Imran Khan, the urbane, westernised Pakistani playboy cricketer-turned-politician has for long been the darling of India's secular media and the glitterati. One would have imagined that he would have the same progressive, 21st century outlook that his friends in Delhi and Mumbai do. But, no. He is one of the main supporters of the decision of the Pakistan government to hand over Swat Valley to the Taliban. Not just that. He even defends what the Taliban are doing by saying that by enforcing their variant of the Sharia, they are only implementing the Law of Allah ( Watch these revolting videos of their brutally and mercilessly beheading people. You need to prepare yourself to watch them). This defence of the ways of the Taliban from a man whose British ex-wife would have been flogged and perhaps stoned to death for adultery had she been in Taliban territory, is horrifying evidence that the world, at least a large part of it that affects India directly, has not changed at all.

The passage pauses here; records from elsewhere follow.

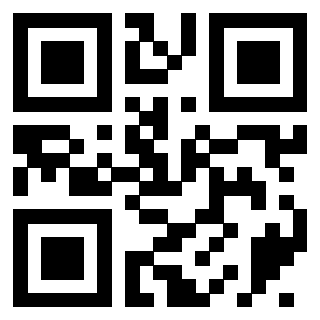 Il QrCode di 3400431254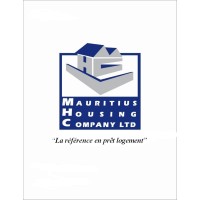 Mauritius Housing Company Ltd. Logo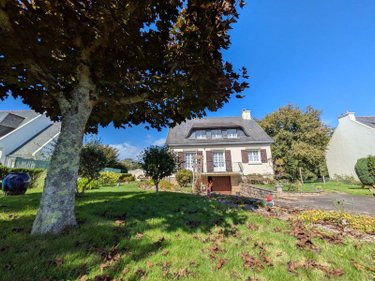 Maison a vendre Moëlan-sur-Mer 29350 Finistère 155 m2  260500 euros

Despite decades of Western education and exposure, Imran Khan retains a Talibani mindset. He is not the only one who does. There are many, many more like him in Pakistan and elsewhere who don't look or publicly behave like the Taliban, but are one with them ideologically as well as in their fight against the US. That is why the US is soon going to discover that the war that it is fighting in Afghanistan and Pakistan is like no other that is has fought, ever. As per The New York Times, the Taliban are ready to have a body count and see "who has broken whose back". That is also why we in India must quickly wake up to the realisation that the Taliban need not arrive in India physically to pose a real threat to this country. They just have to get into the minds of some Indians.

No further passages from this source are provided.